▶ **TO DO**: Pictures are to be omitted. Output only the lines from the one containing "And then of" through the end of the data, word for word.

(Data extracted from a collection)
----------
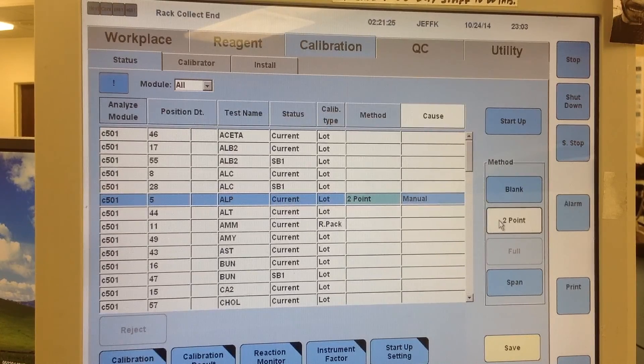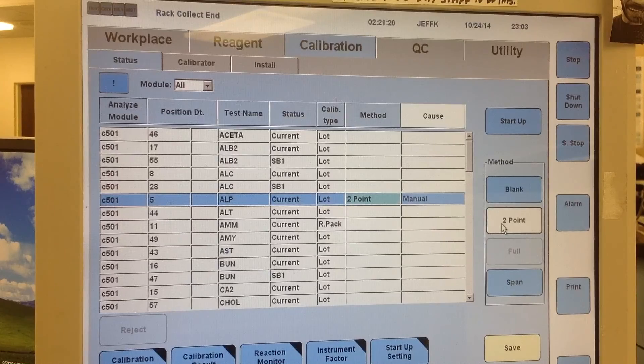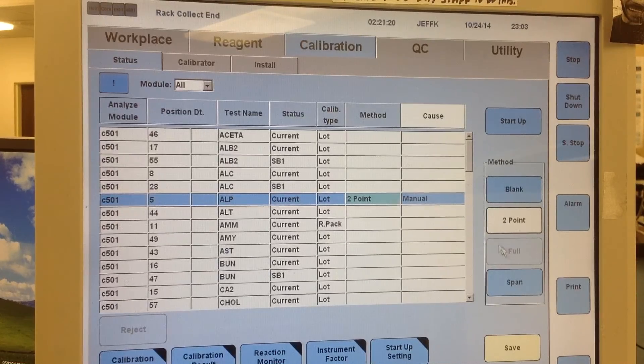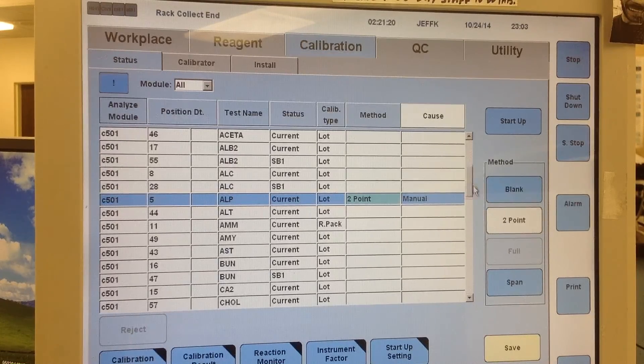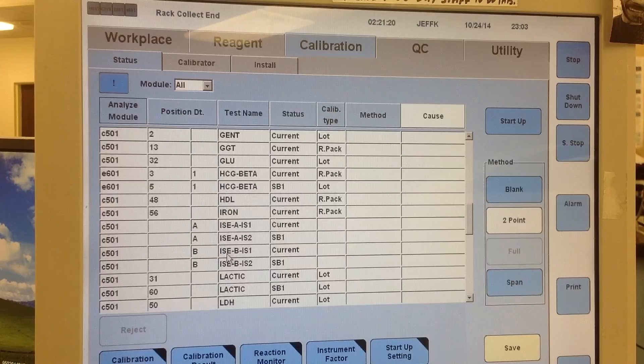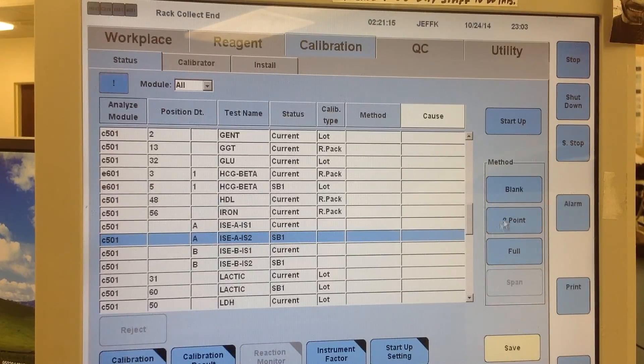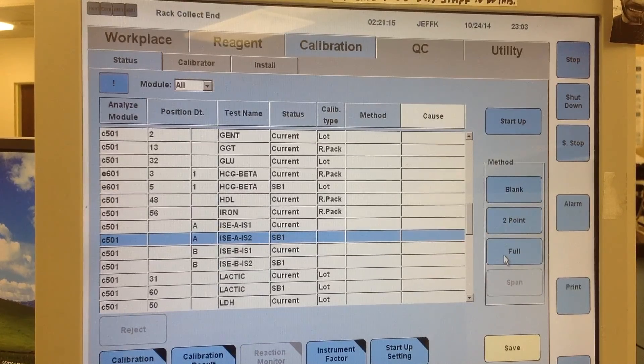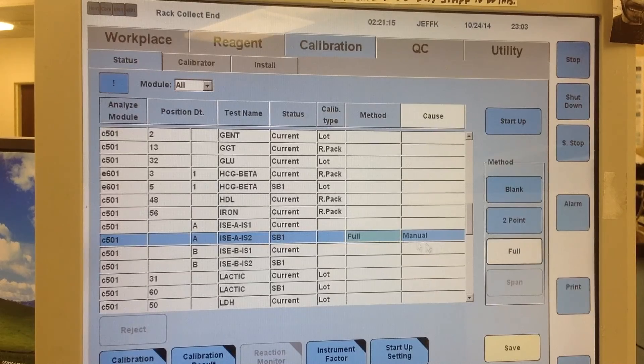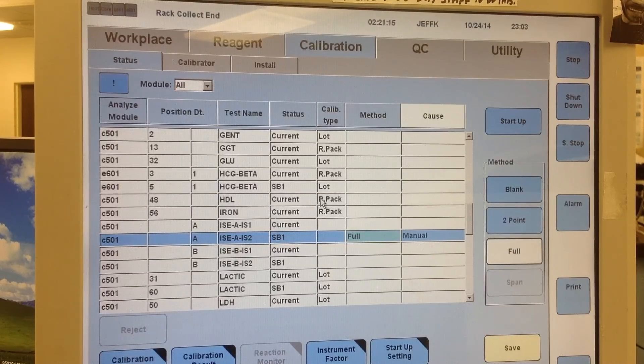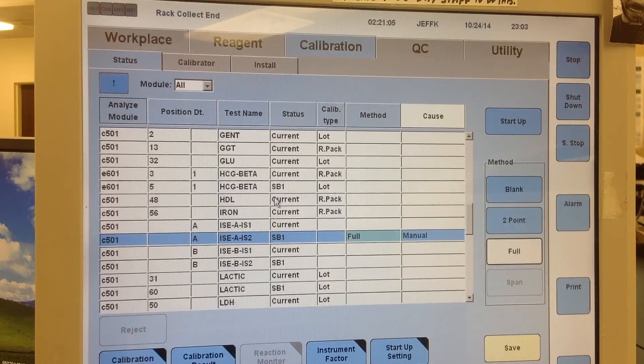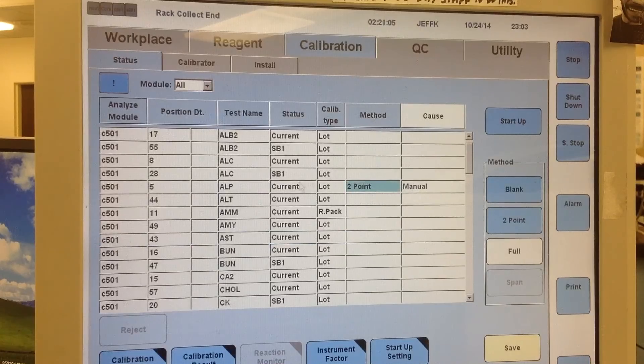Typically, you want to take 2 point if it's available or full if it's available. So for example, on your ISEs, it's going to give you blank, 2 point, full as the option, but you're going to want to order full for ISEs. There's a couple of other tests that will have full.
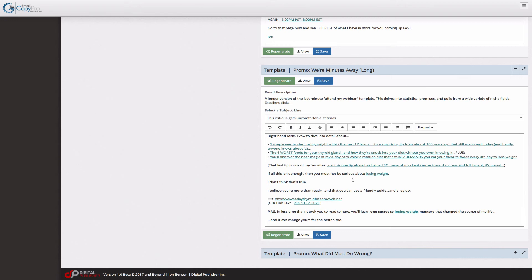And then of course we have an entire sequence for our power users and elite users that helps you follow up on a webinar to increase your sales anywhere from two to ten times what you get on the day of the webinar on average.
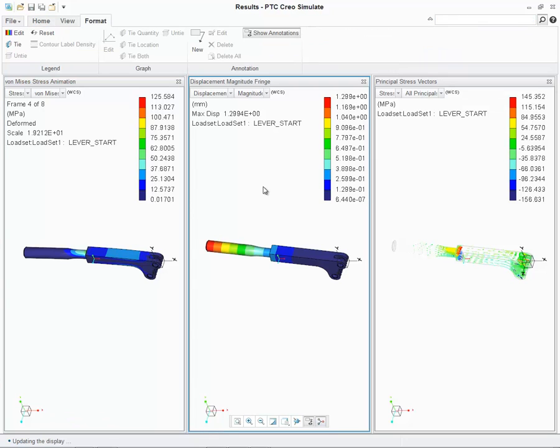New commands have also been added or consolidated to improve a user's proficiency with the tool. Let's take a look at a few of them right now.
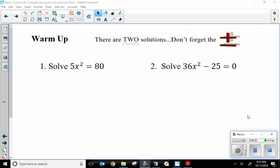Welcome to Unit 1, Lesson 8. This is Part 1. You'll see we start with a warm-up where you need to solve some quadratic equations. There's this little note here that says there are two solutions.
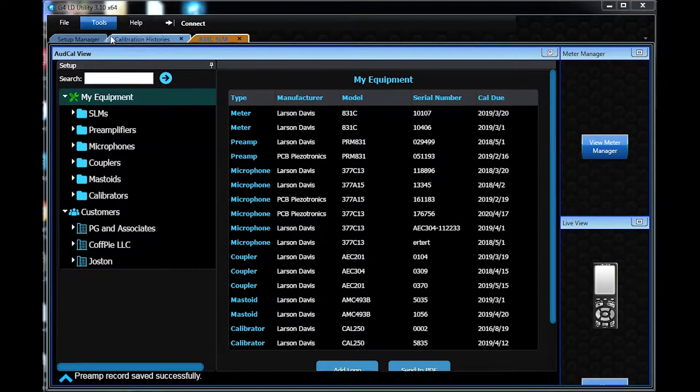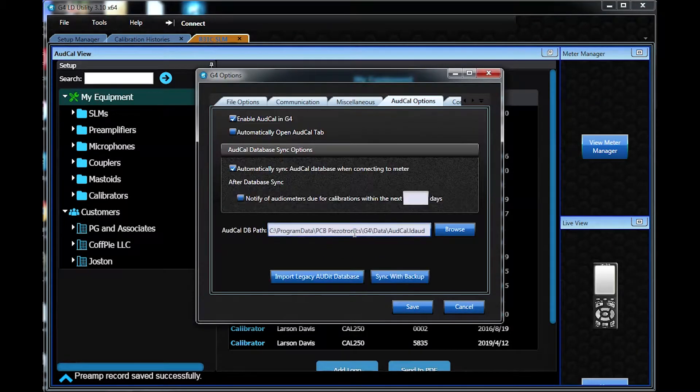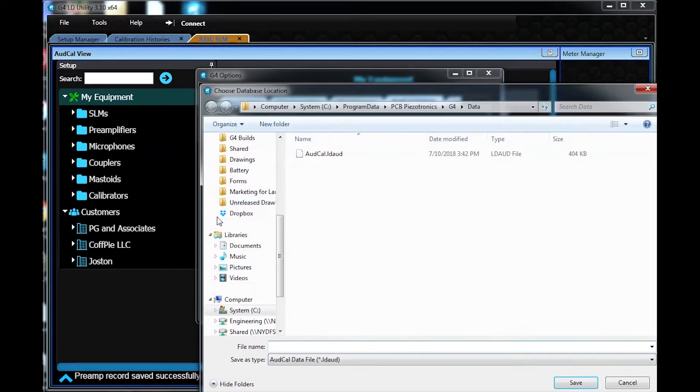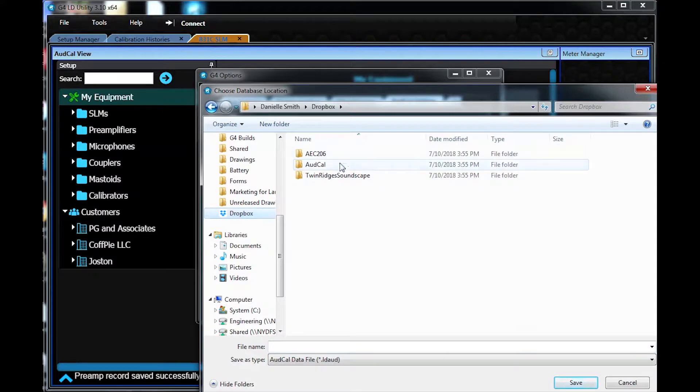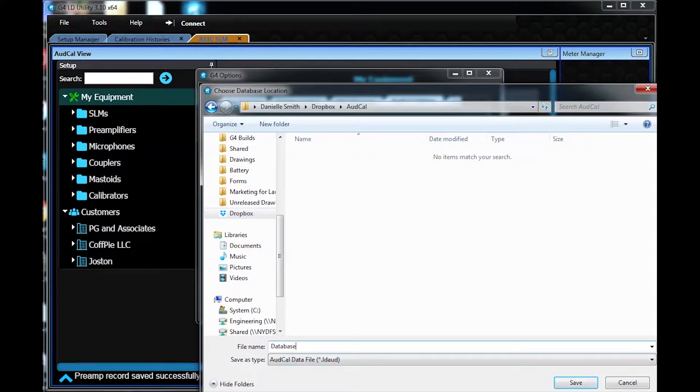The Sync database can be anywhere your computer can access, including a cloud-based system. You can update the Sync database file from anywhere.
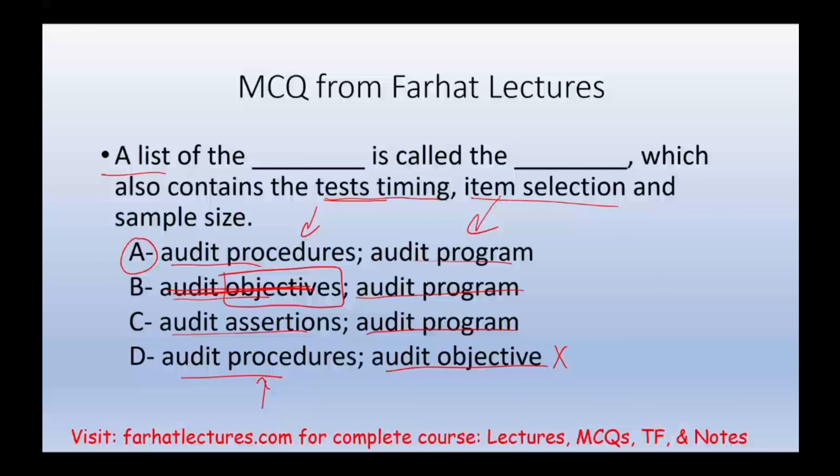What should you do now? Go to Farhat Lectures, look at additional MCQs, true-false questions, and additional lectures — whether you are a CPA exam candidate or an accounting student. Invest in yourself. Good luck, study hard, and stay safe.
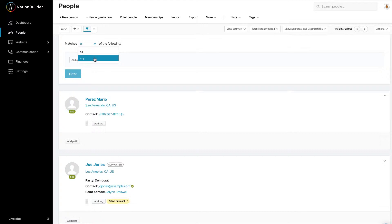An Any filter will show people who match Criteria 1 or Criteria 2 or Criteria 3. An All filter will show people who match Criteria 1 and Criteria 2 and Criteria 3. It is the smallest possible universe of people who match the criteria you choose.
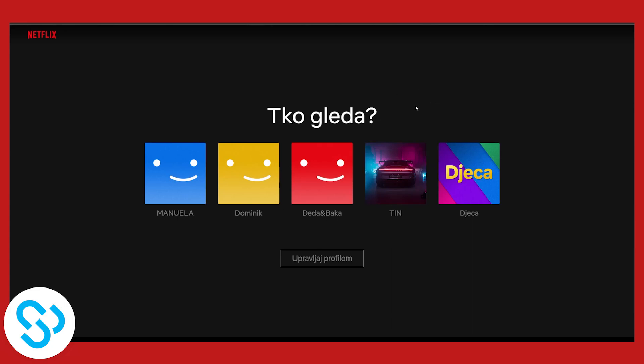So this is basically how to change your Netflix profile picture. If you have any comments or concerns, comment down below and I will help you out. You can do this on your mobile phone as well as on your computer as you can see right here. Thank you.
----------
▶ **ANSWER FOR THE TASK**:
And then of course we have an entire sequence for our power users and elite users that helps you follow up on a webinar to increase your sales anywhere from two to ten times what you get on the day of the webinar on average.
New commands have also been added or consolidated to improve a user's proficiency with the tool. Let's take a look at a few of them right now.
Welcome to Unit 1, Lesson 8. This is Part 1. You'll see we start with a warm-up where you need to solve some quadratic equations. There's this little note here that says there are two solutions.
The Sync database can be anywhere your computer can access, including a cloud-based system. You can update the Sync database file from anywhere.
What should you do now? Go to Farhat Lectures, look at additional MCQs, true-false questions, and additional lectures — whether you are a CPA exam candidate or an accounting student. Invest in yourself. Good luck, study hard, and stay safe.
An Any filter will show people who match Criteria 1 or Criteria 2 or Criteria 3. An All filter will show people who match Criteria 1 and Criteria 2 and Criteria 3. It is the smallest possible universe of people who match the criteria you choose.
So this is basically how to change your Netflix profile picture. If you have any comments or concerns, comment down below and I will help you out. You can do this on your mobile phone as well as on your computer as you can see right here. Thank you.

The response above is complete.